# 127 question



## mysteryscribe (Sep 27, 2006)

okay I cut 120 rolls down to three exposures routinely since I would almost never shoot a full roll these days. So I work a lot with roll film in the dark bag. 

I have lots of paper backing to make the backing for 127 rolls from.... 

I can get the spools be either buying rolls that are way too expensive or by buying the spools at rediculous prices on ebay.

So here is my question... Is the 127 roll just a paper backed 40 mm film base.

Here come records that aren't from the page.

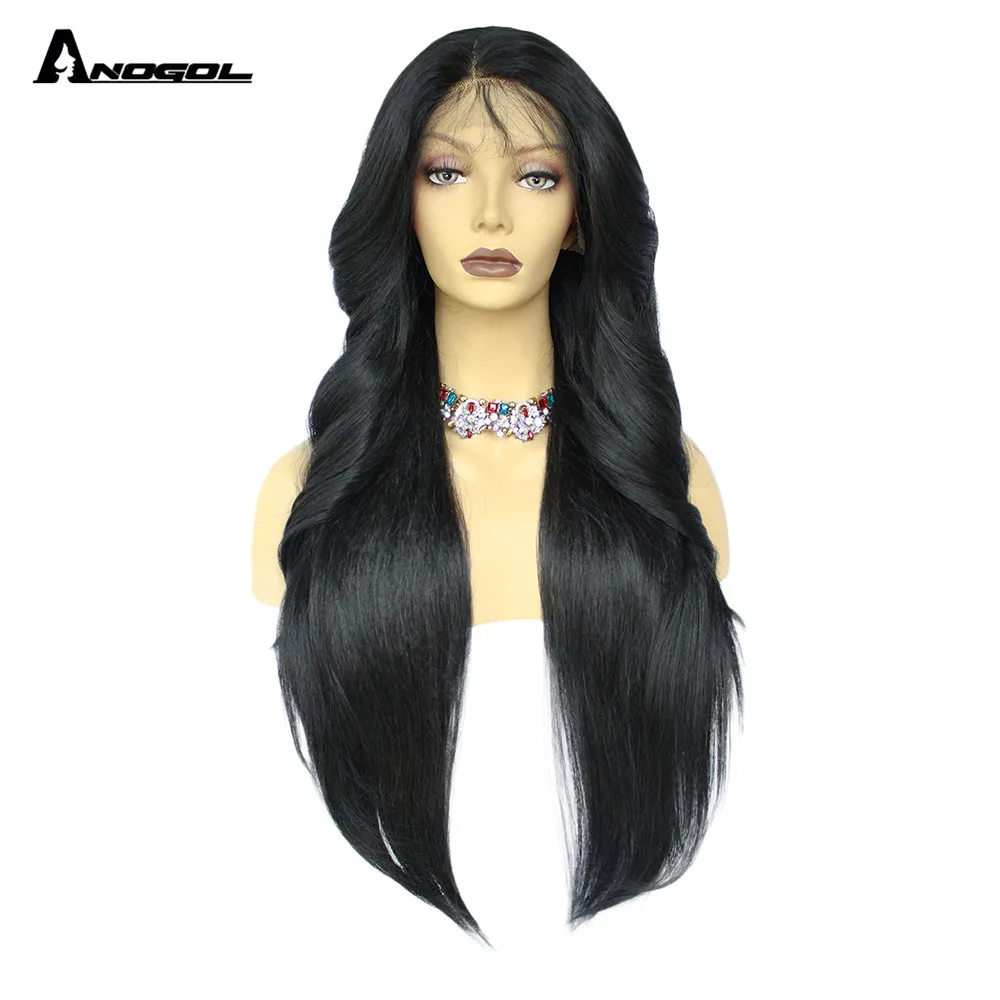 Anogol Long Natural Wave Middle Part High Temperature Fiber Glueless Black Synthetic Hair Lace Front Wigs For Women
Anogol Long Natural Wave Middle Part High Temperature Fiber Glueless Black Synthetic Hair Lace Front Wigs For Women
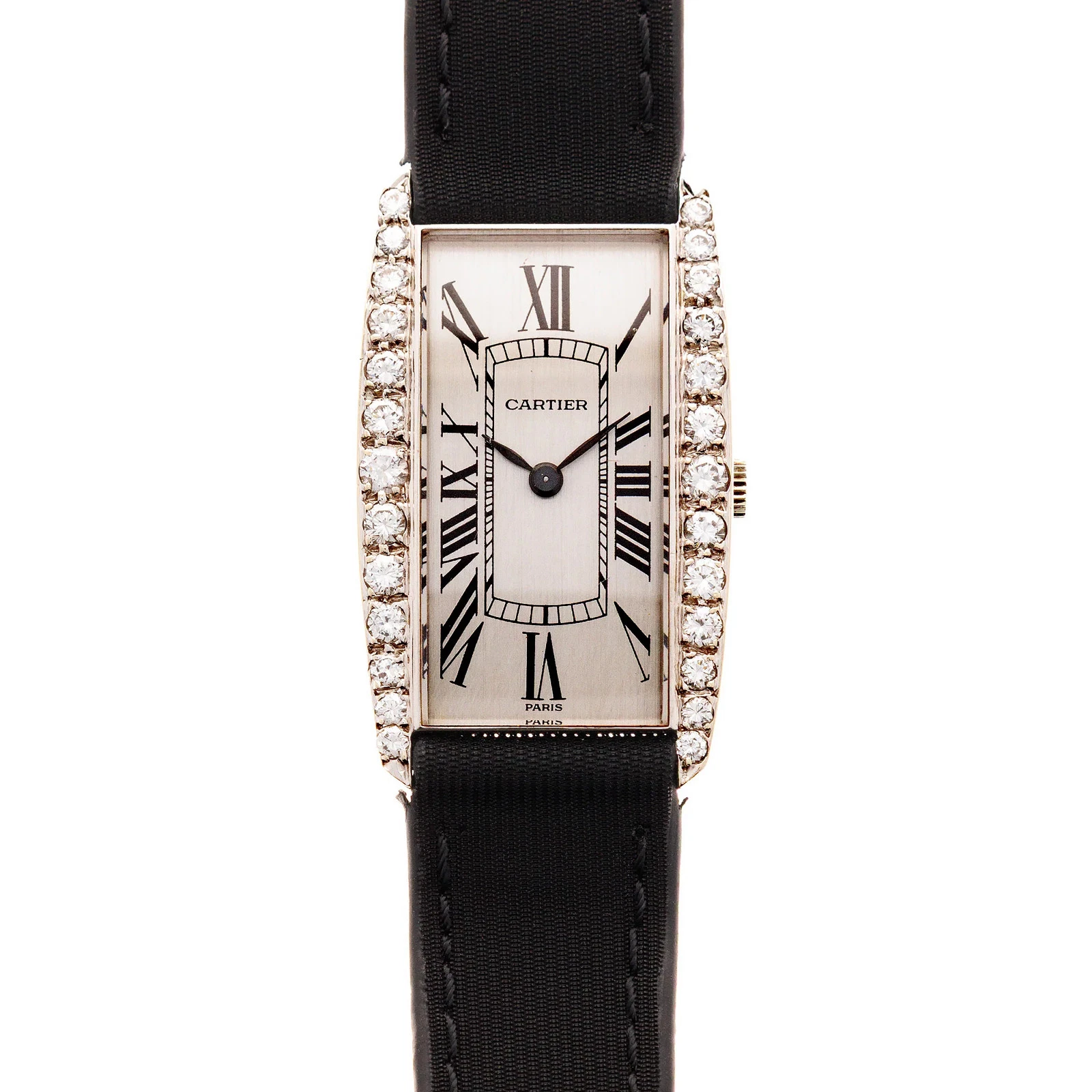 Vacheron Constantin — Cartier Paris White Gold Diamond Tank Watch, Movement by Vacheron Constantin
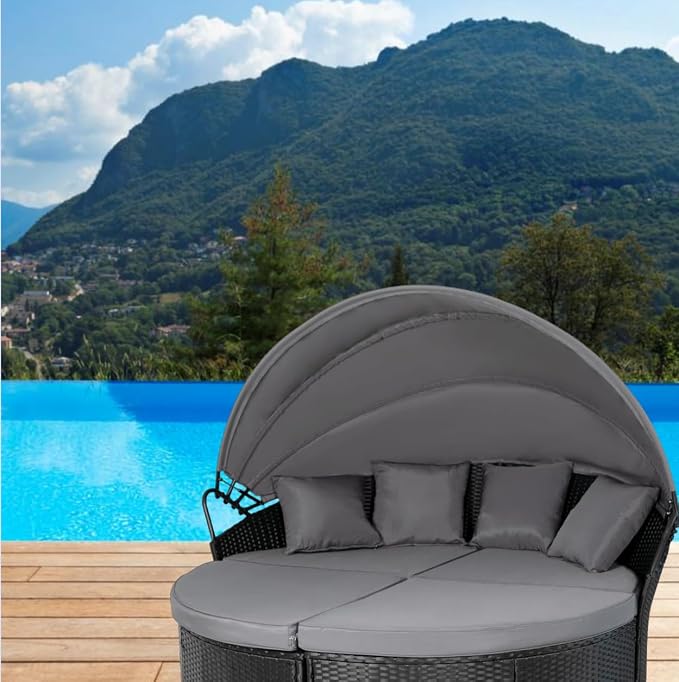 Outdoor Round Daybed Cushion Cover, Replacement Patio 66" Sun Bed 4 in 1 - Image 5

I want to buy a twinlens reflex since I havent owned one in years.... but I don't want an ordinary one. Im thinking baby rollie or the yashica. Might even be others out there worth considering.


----------



## Jeff Canes (Sep 27, 2006)

Charley 

J and C sales 127 new for $5 a roll, to me it does don&#8217;t seem worth it to cut 120 down, but if you want them I should have some 127 spools and paper, PM me your address and they're yours


----------



## mysteryscribe (Sep 27, 2006)

The cooperation between photographers here is amazing thanks jeff.


----------



## terri (Sep 27, 2006)

Jeff rocks, in general. :thumbup:


----------



## Mitica100 (Sep 27, 2006)

terri said:
			
		

> Jeff rocks, in general. :thumbup:


 
Ditto!


----------